┌─ Records supplied
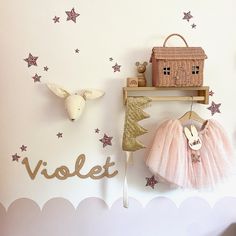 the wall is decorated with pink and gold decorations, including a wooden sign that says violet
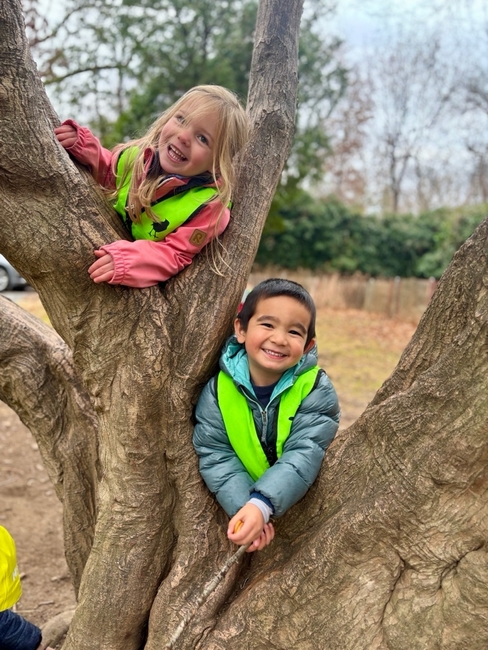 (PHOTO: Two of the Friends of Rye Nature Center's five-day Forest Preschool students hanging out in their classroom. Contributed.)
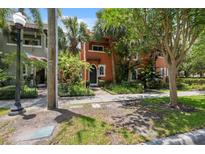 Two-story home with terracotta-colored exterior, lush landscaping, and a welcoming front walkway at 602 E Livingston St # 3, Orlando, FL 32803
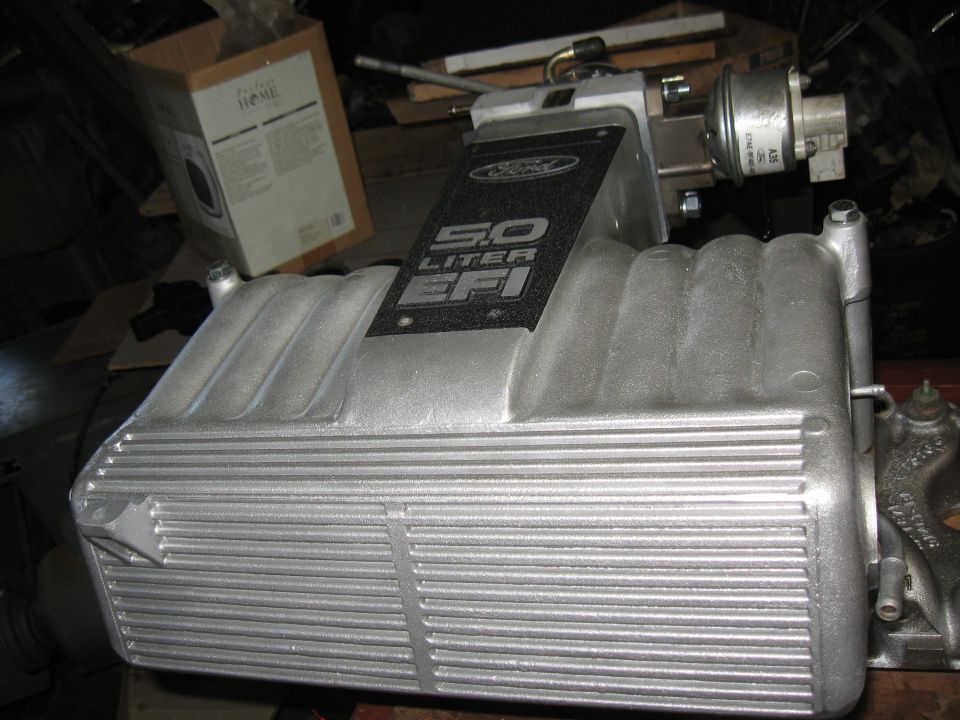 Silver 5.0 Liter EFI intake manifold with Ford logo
└─
┌─ Records supplied
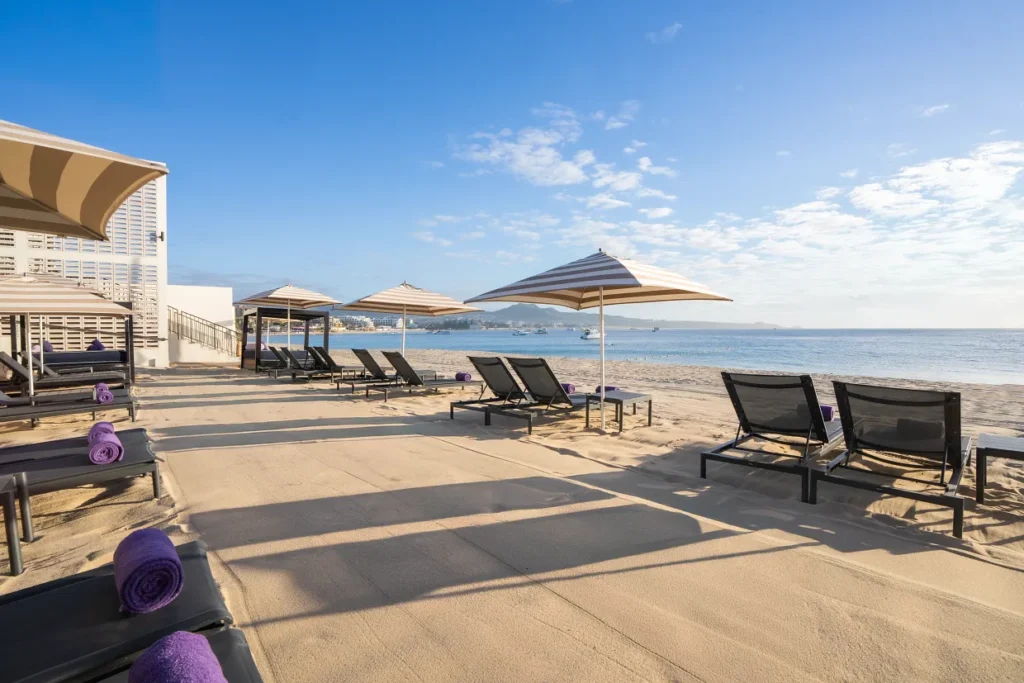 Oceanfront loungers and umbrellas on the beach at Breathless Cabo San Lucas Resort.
└─
┌─ Records supplied
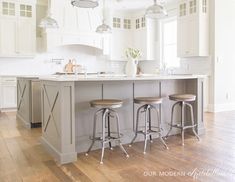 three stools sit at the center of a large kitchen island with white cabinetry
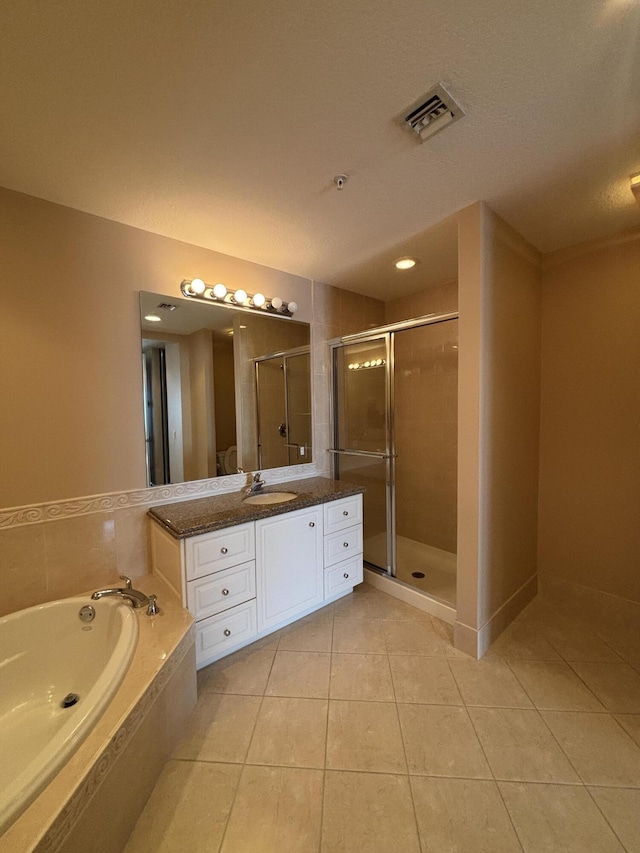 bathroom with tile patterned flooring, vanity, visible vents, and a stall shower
└─
» Directions
In the records above, find the line with "three stools sit" and the line with "bathroom with tile", then restate word for word only those two lines and all lines between, omitting pictures.

» Response box
 three stools sit at the center of a large kitchen island with white cabinetry
 bathroom with tile patterned flooring, vanity, visible vents, and a stall shower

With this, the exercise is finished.